BRIEF: Keep the images out and set the listing below down word for word.

RECORDS PROVIDED:
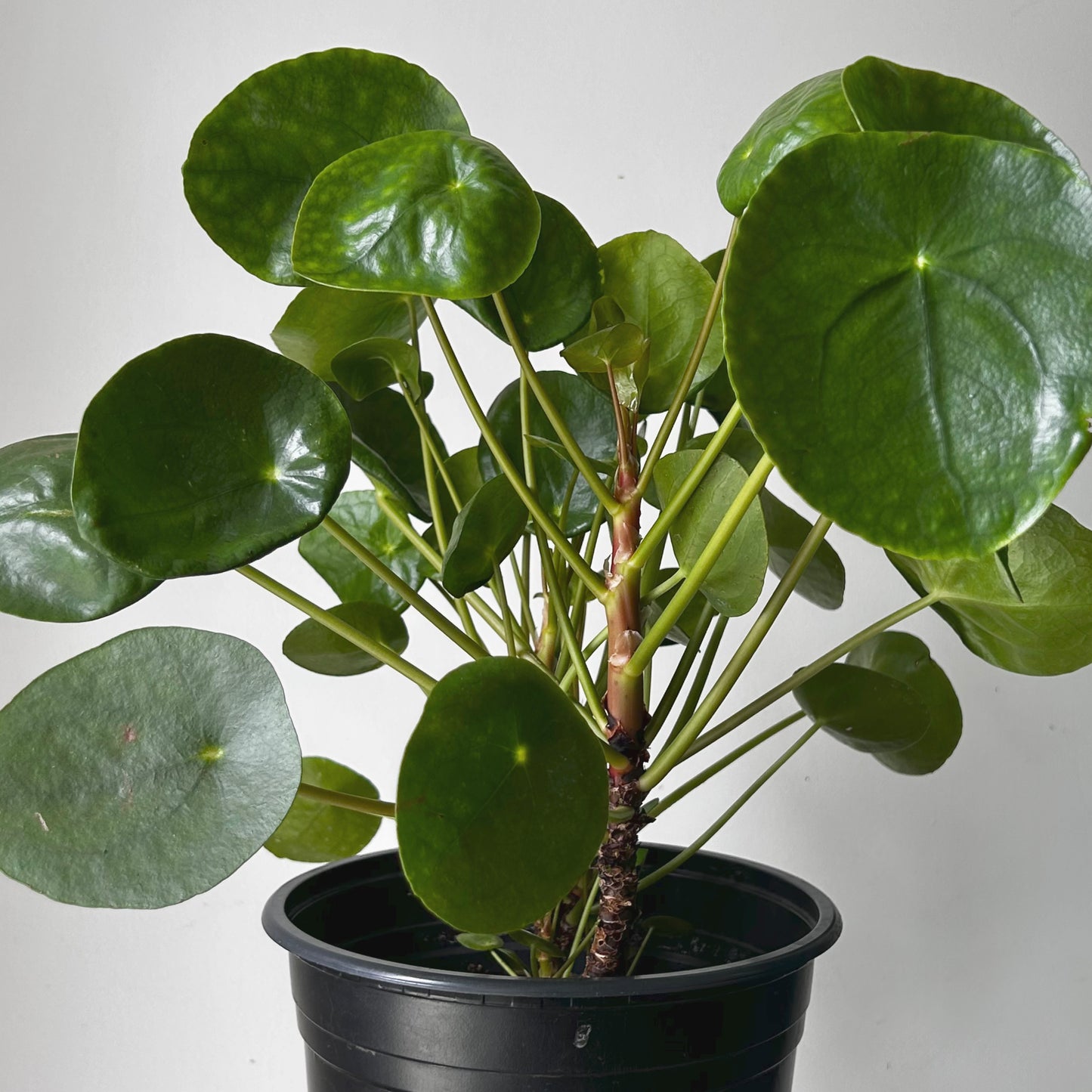Chinese Money Plant (Pilea Peperomioides) 8” pot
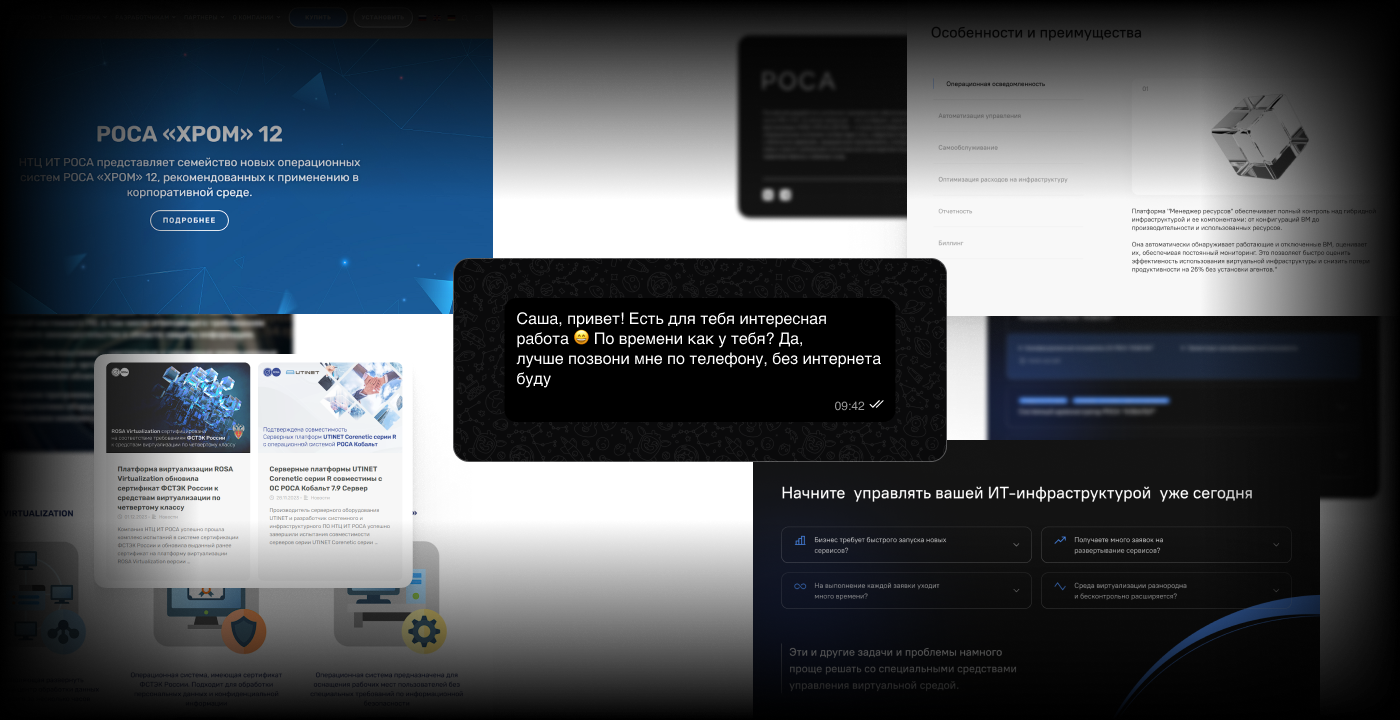 Два стиля, один проект: как я упаковал РОСА — Изображение №4 — Брендинг, Графика на Dprofile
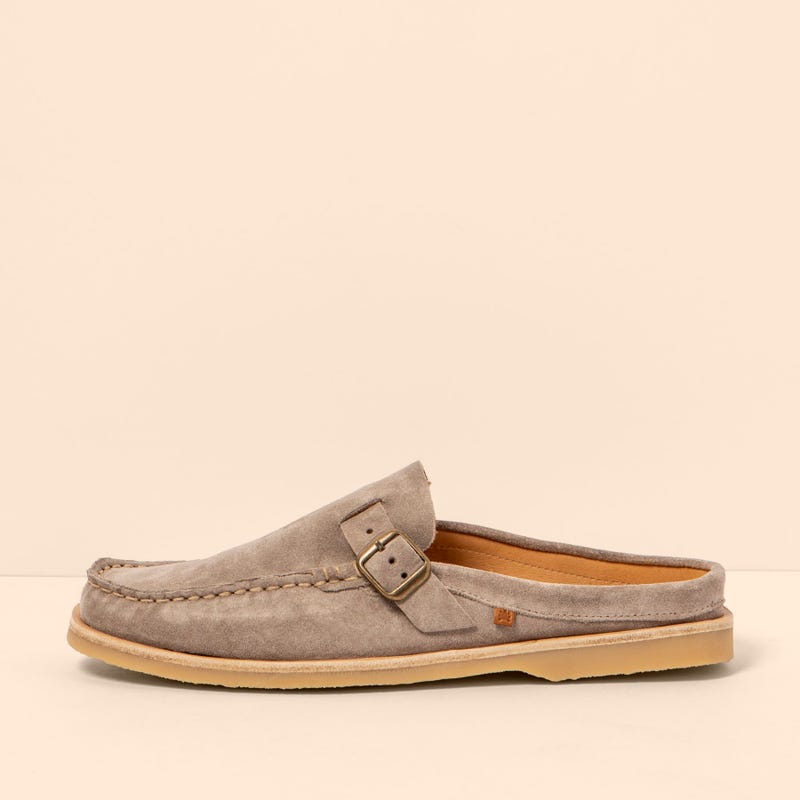 El Naturalista 5965 PLANTAE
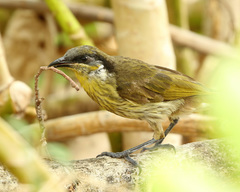 Gavicalis versicolor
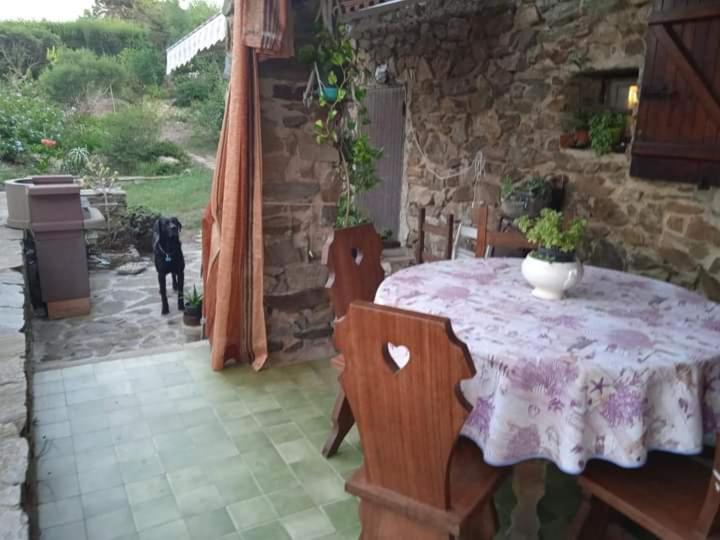 Bed and Breakfast Sa Domo De Afra Stintino Exterior foto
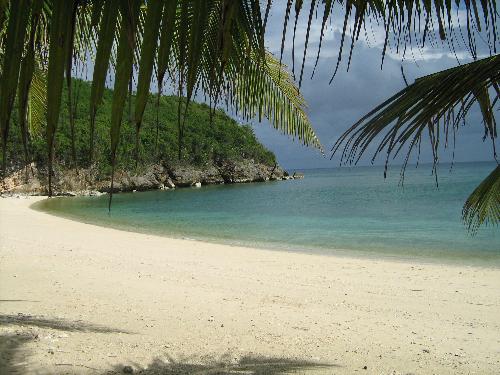 beach beauty - taken from a beach in quezon province ! white sand and blue skies, hot sun and very secluded !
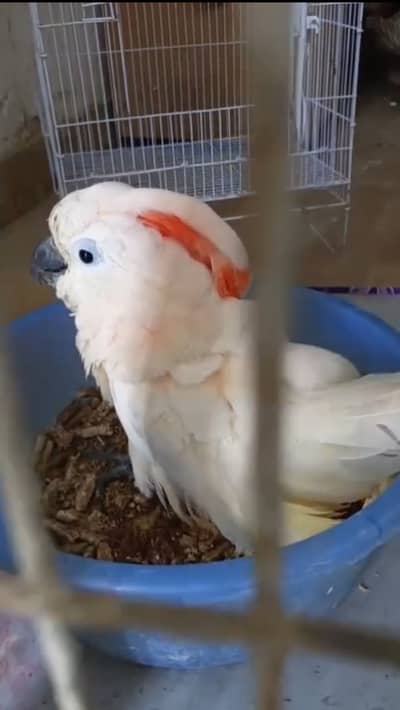 Moluccan cockatoo chick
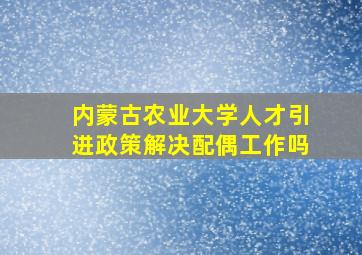 内蒙古农业大学人才引进政策解决配偶工作吗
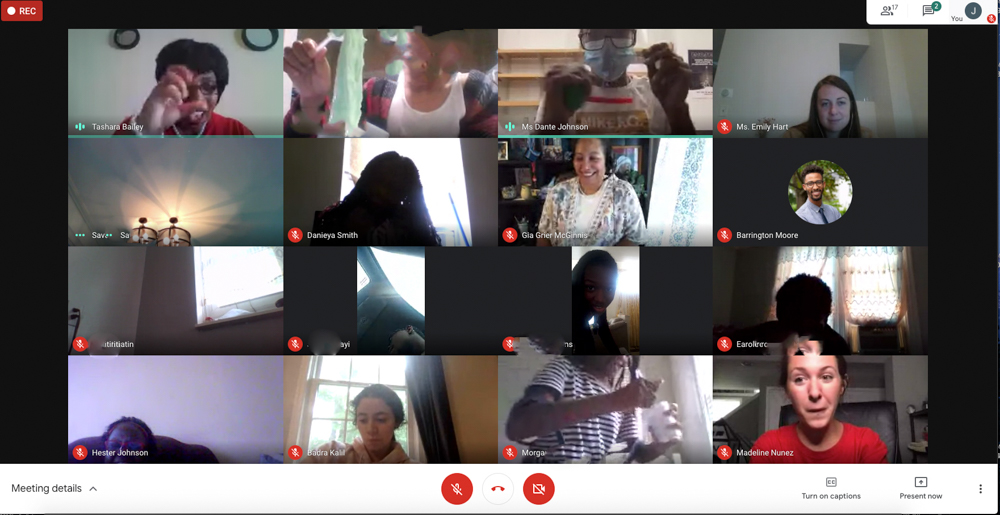 CURE scholars on virtual conference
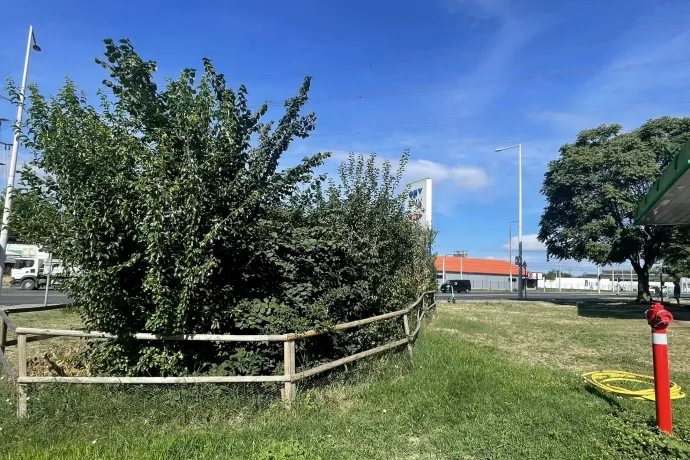 Így nézett ki tavaly nyáron a Miyawaki-erdő – Fotó: 10 millió Fa Alapítvány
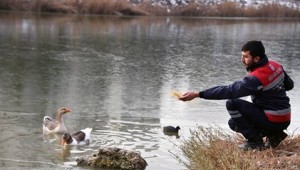 BİR LOKMADA BİN HAYAT...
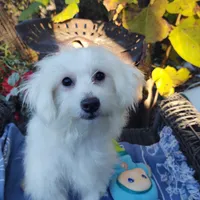 Fritz, a male Coton de Tulear for sale in Cabool, MO – Photo 1 of 5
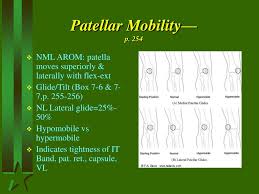 Image result for Patella Mobility Test
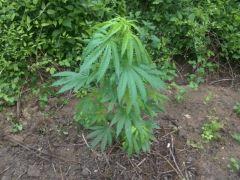 Critical Jack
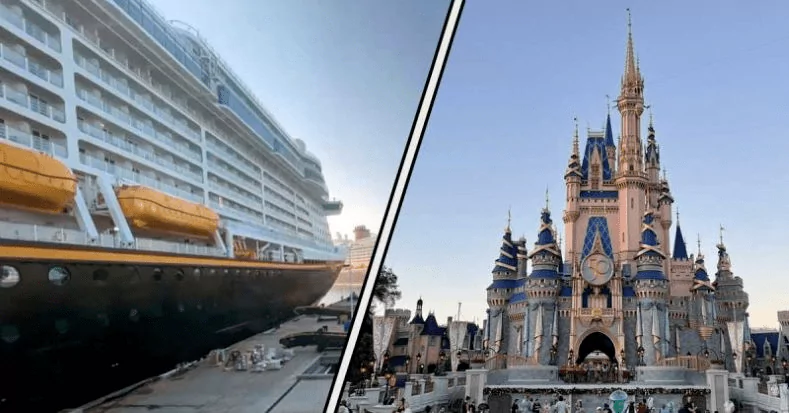 Disneyland Vs Disney Cruise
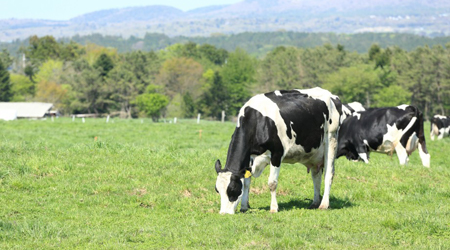 In the past the threat of foot - and - mouth disease approached a prefecture of Kyushu area. The wood vinegar of Meiwa Co., Ltd. succeeded in prevention.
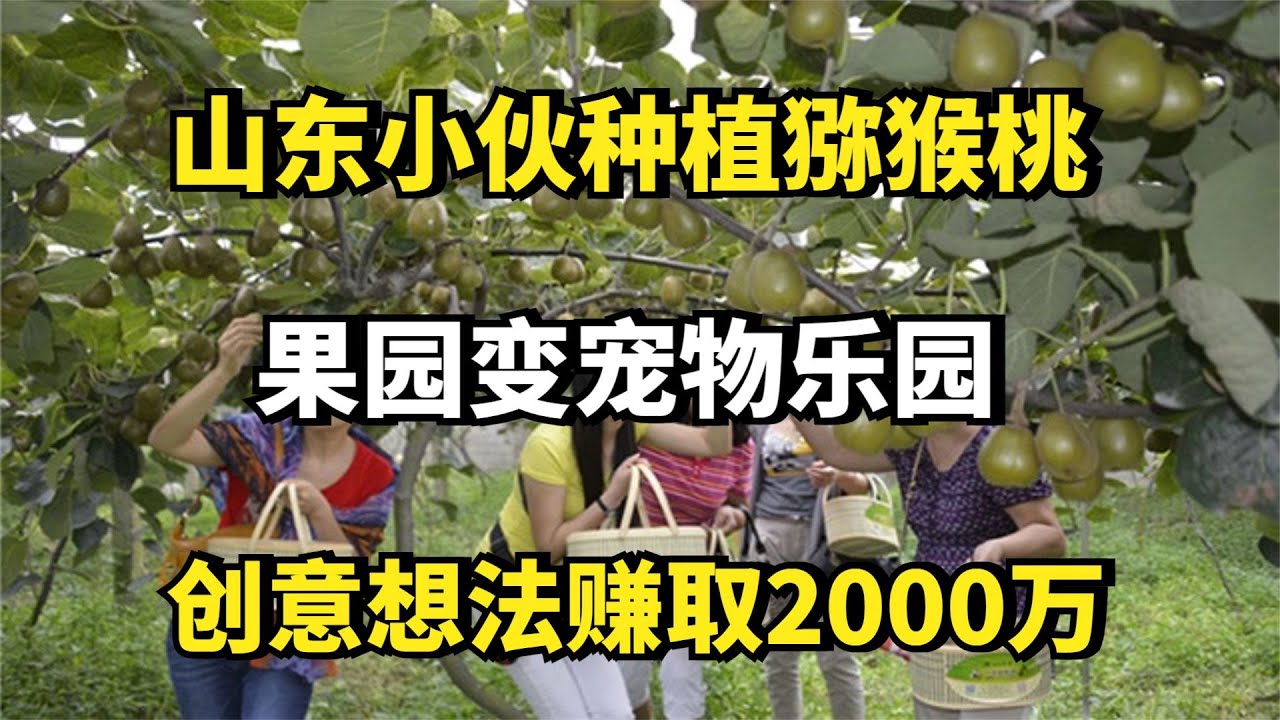 山东小伙种植猕猴桃，果园变宠物乐园，创意想法赚取2000万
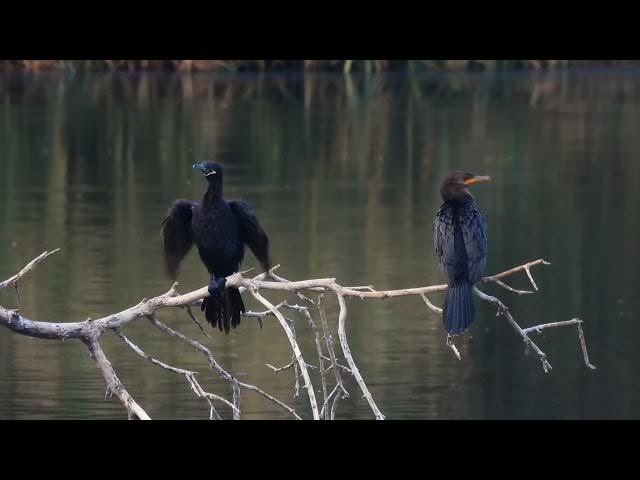 Video thumbnail for Rio Grande Snag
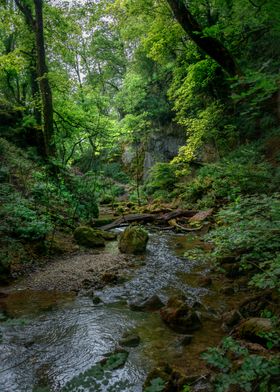 Woodland River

YOUR RESPONSE:
Chinese Money Plant (Pilea Peperomioides) 8” pot
 Два стиля, один проект: как я упаковал РОСА — Изображение №4 — Брендинг, Графика на Dprofile
 El Naturalista 5965 PLANTAE
 Gavicalis versicolor
 Bed and Breakfast Sa Domo De Afra Stintino Exterior foto
 beach beauty - taken from a beach in quezon province ! white sand and blue skies, hot sun and very secluded !
 Moluccan cockatoo chick
 内蒙古农业大学人才引进政策解决配偶工作吗
 CURE scholars on virtual conference
 Így nézett ki tavaly nyáron a Miyawaki-erdő – Fotó: 10 millió Fa Alapítvány
 BİR LOKMADA BİN HAYAT...
 Fritz, a male Coton de Tulear for sale in Cabool, MO – Photo 1 of 5
 Image result for Patella Mobility Test
 Critical Jack
 Disneyland Vs Disney Cruise
 In the past the threat of foot - and - mouth disease approached a prefecture of Kyushu area. The wood vinegar of Meiwa Co., Ltd. succeeded in prevention.
 山东小伙种植猕猴桃，果园变宠物乐园，创意想法赚取2000万
 Video thumbnail for Rio Grande Snag
 Woodland River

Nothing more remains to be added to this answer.